In the 1989 India Cement judgment, a seven-judge bench held that royalty is tax and the state legislatures lack competence to levy taxes on mineral rights because the subject matter is covered by the Mines and Minerals (Development and Regulation) Act of 1957.

However, a 2004 Constitution bench judgment of five judges ruled that the decision in the India Cement case stemmed from an inadvertent error and clarified that royalty is not a tax.

After both of these judgments, state legislatures exercised their legislative powers to impose taxes on mineral-bearing land in pursuance of Entry 49 of List II,  which allows States to tax “lands and buildings”. States such as Rajasthan and Uttar Pradesh also sought to impose environment and health cess and fees for transporting coal and coal-dust collected from mines.

The constitutional validity of these levies was challenged before the High Courts, and made their way to the Supreme Court, which then referred the issue to a nine-judge bench.

‘Adverse impact on mineral development’

Examining entries in the seventh schedule, Justice Nagarathna observed that if a Parliamentary law such as the 1957 Act is enacted and deals with certain aspects of mineral development, to that extent the state legislature would not have the competence to pass any law on the said aspect.

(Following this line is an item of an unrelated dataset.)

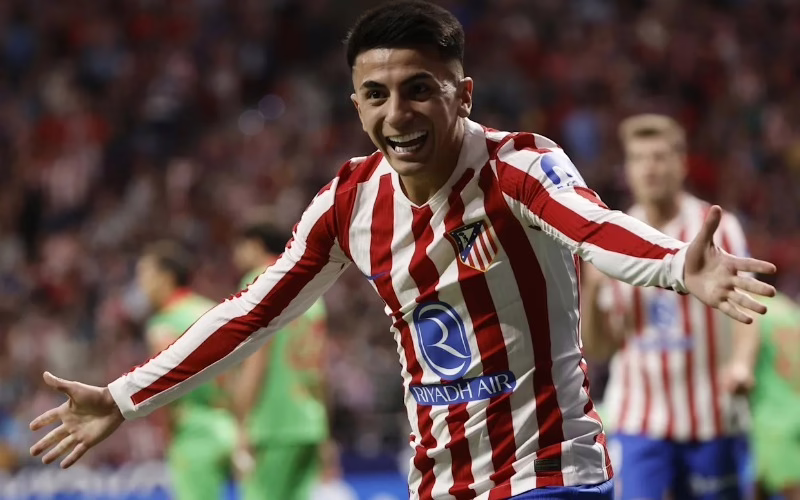 Thiago Almada niega su traspaso al Atlético de Madrid.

Justice Nagarathna further opined that lands which comprise of mines and quarries or have mineral deposits do not fall within the purview of lands under Entry 49 of List II. She, therefore, rejected the contention of the States that value of minerals could be used as a measure to tax mineral bearing land under Entry 49 of List II.

This, the judge asserted, would amount to “double taxation” imposed by two different Legislatures: one, by the state legislature on the mineral bearing land under Entry 49  of List II, and again for conducting a mining operation under Section 9 of the 1957 Act, which is a Parliamentary law, but also paid to the State Government.

In her opinion, Justice Nagarathna ruled that the decision in the India Cement case was correct and that the 2004 judgment was incorrect and should be overruled.

Apart from the legal concerns, she also felt that the 2004 judgment “lost sight of the implication and the adverse impact that its view would have on mineral development in the country”.

Referring to the Sarkaria Commission report, Justice Nagarathna observed, “Therefore, the respective Entries in Lists I and II, namely, the Union List and the State List respectively, have been so drafted in order to ensure that there is overall mineral development in the country as a whole, rather than particular States possessing the mineral wealth acting contrary to the overall welfare of the country and against the economic interest of the other States.”